ECE2020 Audio ePoster Presentations Endocrine-related Cancer (14 abstracts)
1Endocrinology Unit, Center for Applied Biomedical Research, Department of Medical & Surgical Sciences (DIMEC), Alma Mater Studiorum University of Bologna, S. Orsola-Malpighi Hospital, Bologna, Italy; 2Institute of Hematology ‘L. e A. Seràgnoli’, University of Bologna, Bologna, Italy
Background: PD-L1 represents a novel class of drugs for treatment of a broad spectrum of malignancies including onco-hematologic diseases. This treatment is associated with several immuno-related adverse events (irAEs). Thyroid diseases and diabetes are among the most common PD-L1 endocrine-irAEs reported in solid cancers.

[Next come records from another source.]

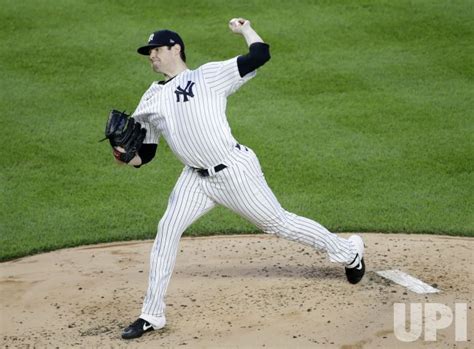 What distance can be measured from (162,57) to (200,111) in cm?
46

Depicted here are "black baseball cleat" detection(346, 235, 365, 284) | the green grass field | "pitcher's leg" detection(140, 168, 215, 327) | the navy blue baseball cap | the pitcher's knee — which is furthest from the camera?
the green grass field

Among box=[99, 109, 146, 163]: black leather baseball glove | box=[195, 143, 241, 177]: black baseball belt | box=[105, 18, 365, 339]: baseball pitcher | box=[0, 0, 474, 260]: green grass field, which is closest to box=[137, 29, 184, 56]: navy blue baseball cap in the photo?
box=[105, 18, 365, 339]: baseball pitcher

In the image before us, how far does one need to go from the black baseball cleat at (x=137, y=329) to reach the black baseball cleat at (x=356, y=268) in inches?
58.4

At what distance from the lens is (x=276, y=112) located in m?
11.2

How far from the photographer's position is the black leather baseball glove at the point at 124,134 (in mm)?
7082

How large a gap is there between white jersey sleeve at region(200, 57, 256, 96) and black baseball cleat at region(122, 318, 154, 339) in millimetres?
1536

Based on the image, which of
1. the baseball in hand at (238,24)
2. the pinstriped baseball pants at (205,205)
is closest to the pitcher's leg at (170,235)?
the pinstriped baseball pants at (205,205)

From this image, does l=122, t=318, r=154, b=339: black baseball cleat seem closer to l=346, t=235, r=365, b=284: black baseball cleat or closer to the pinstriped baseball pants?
the pinstriped baseball pants

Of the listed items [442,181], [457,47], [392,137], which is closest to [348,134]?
[392,137]

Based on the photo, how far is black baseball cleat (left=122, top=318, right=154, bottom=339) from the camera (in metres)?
6.87

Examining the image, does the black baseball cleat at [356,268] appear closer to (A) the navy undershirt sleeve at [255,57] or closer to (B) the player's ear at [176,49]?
(A) the navy undershirt sleeve at [255,57]

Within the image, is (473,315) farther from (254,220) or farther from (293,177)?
(293,177)

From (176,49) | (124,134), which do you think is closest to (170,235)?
(124,134)

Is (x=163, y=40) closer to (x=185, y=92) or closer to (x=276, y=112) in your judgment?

Aims: To describe the frequency, the onset and the characteristics of PD-L1 endocrine-irAEs in patients with hematologic malignancies.
Materials and methods: We retrospectively collected data of 62 patients with lymphoma, attending the Institute of Hematology Seràgnoli of Bologna between June 2014 and August 2018, treated with PD-L1 (Nivolumab or Pembrolizumab) according to the Authority-approved doses and administration. All patients underwent metabolic and hormonal exams before the initiation of PD-L1 and during follow-up.

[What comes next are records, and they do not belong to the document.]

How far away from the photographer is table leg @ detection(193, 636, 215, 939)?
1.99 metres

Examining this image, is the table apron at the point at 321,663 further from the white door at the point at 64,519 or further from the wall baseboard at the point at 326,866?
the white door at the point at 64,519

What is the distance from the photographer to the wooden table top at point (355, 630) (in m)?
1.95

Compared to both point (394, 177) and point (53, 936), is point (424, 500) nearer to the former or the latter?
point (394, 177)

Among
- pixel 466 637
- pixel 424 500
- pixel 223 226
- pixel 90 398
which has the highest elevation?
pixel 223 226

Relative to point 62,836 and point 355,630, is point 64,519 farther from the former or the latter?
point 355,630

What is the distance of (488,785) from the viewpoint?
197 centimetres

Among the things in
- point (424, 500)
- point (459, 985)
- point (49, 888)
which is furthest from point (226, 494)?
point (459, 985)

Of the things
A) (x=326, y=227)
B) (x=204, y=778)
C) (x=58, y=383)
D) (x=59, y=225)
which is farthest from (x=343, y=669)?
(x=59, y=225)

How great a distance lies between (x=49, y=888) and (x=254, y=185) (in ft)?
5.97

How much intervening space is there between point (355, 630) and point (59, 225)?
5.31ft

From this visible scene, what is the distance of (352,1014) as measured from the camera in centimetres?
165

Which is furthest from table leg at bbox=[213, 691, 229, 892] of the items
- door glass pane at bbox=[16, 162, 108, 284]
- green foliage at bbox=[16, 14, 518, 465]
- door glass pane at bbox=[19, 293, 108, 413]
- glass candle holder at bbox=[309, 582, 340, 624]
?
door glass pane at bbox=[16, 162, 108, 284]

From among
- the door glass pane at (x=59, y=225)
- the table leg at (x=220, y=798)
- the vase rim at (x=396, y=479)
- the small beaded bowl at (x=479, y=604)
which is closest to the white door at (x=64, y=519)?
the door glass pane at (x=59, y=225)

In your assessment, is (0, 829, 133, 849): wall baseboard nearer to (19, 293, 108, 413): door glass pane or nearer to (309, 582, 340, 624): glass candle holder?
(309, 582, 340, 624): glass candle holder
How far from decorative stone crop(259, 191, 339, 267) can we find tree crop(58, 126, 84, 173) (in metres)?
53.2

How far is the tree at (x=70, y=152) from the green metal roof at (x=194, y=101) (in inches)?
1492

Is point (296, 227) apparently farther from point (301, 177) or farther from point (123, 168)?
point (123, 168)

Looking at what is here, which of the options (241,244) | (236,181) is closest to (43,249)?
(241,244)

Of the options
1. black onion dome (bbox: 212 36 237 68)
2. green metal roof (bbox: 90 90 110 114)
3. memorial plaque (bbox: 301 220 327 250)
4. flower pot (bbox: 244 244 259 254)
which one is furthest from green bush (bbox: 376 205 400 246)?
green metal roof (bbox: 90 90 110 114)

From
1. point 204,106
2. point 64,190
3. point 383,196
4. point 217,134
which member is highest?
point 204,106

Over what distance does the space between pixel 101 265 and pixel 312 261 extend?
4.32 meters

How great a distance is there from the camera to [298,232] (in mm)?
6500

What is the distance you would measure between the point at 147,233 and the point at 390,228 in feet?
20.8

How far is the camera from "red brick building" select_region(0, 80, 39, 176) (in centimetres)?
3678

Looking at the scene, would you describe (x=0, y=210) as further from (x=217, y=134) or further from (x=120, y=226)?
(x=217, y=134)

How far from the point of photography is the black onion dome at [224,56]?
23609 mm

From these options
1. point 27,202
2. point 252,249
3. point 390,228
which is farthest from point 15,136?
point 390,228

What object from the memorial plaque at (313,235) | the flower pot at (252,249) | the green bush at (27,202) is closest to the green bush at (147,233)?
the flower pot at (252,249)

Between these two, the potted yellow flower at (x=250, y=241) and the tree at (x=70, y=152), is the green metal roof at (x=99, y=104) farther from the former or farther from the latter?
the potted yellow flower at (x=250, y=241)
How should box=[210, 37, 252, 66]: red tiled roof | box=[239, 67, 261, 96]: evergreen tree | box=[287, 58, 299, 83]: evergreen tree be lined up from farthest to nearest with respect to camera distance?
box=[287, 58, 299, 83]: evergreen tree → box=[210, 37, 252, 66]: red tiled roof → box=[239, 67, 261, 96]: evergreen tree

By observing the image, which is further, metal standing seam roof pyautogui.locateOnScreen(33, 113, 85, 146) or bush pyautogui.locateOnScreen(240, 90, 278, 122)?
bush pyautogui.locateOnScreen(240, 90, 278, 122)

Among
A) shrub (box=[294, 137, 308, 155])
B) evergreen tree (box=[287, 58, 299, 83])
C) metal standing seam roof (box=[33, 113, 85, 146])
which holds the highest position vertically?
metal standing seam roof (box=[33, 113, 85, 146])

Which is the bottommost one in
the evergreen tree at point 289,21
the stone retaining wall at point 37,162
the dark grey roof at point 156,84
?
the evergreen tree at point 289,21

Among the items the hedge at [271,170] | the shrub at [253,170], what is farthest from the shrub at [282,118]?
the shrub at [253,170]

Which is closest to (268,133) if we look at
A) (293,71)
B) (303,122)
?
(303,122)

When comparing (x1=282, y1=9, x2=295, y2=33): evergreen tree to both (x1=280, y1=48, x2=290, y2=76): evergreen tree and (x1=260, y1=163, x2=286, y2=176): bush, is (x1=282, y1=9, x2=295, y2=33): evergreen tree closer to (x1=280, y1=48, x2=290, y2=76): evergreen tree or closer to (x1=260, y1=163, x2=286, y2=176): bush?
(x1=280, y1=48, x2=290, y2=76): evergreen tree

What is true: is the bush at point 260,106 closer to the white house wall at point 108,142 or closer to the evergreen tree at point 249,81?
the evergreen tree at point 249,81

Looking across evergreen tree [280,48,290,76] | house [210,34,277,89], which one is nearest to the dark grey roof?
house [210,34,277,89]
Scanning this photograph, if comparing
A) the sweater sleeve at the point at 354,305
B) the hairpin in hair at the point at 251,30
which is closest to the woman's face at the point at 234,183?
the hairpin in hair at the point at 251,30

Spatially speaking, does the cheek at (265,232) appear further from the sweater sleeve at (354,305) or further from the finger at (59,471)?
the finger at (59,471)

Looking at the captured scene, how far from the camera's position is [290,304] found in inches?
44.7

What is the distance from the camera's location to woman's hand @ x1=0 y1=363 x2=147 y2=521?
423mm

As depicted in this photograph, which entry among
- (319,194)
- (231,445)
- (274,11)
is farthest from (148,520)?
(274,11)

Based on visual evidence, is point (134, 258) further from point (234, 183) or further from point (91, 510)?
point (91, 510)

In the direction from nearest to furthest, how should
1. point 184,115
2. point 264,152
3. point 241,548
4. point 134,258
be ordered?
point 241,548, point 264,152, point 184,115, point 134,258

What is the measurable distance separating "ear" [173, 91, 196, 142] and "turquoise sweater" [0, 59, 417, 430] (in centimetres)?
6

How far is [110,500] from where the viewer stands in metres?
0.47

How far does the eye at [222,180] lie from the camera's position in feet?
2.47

Results: Of 62 patients (median age: 29 years, range: 16–68), 18 affected by Nodular Sclerosis Hodgkin Lymphoma (NSHL) were treated with Nivolumab, 26 and 18 affected by NSHL and Primary Mediastinal B-cell Lymphoma, (PMBCL) respectively were treated with Pembrolizumab. All patients were followed for a median of 112 weeks (range: 4–270). The total frequency of PD-L1 endocrine-irAEs was 8.1%, characterized by only thyroid diseases. Four (2 NSHL and 1 PMBCL on Pembrolizumab, and 1 NSHL on Nivolumab) developed sudden-onset hypothyroidism at different times (from 16 to 44 weeks after PD-L1 starting). One NSHL on Pembrolizumab had an initial thyrotoxicosis at 6 weeks turning to overt hypothyroidism after 9 weeks. All 5 subjects were asymptomatic. Two of them had positive anti-thyroid autoantibodies (anti-thyroid peroxidase and anti-thyroglobulin), whereas none had detectable anti-TSH receptors. All hypothyroid subjects started l-tyroxine therapy. None of the patients developed diabetes. At the last follow up, of the 5 patients with endocrine-irAE, 3 showed complete remission and 2 disease progression of the lymphoma. No correlations were found between the endocrine-irAEs and previous oncologic therapies (P = 0.081), and tumour outcomes (P = 0.278 for best response to Pembrolizumab; P = 0.921 for the last response to Pembrolizumab; P = 0.278 for deaths).
Conclusion: The frequency of PD-L1 endocrine-irAEs in this cohort of hematologic malignancies was lower than those reported for solid cancers, and only characterized by thyroid disease. Unexpectedly, no case of PD-L1 inducing diabetes mellitus was shown. As for solid tumours the onset of endocrine-irAES was extremely variable and no correlation with tumour outcome was found.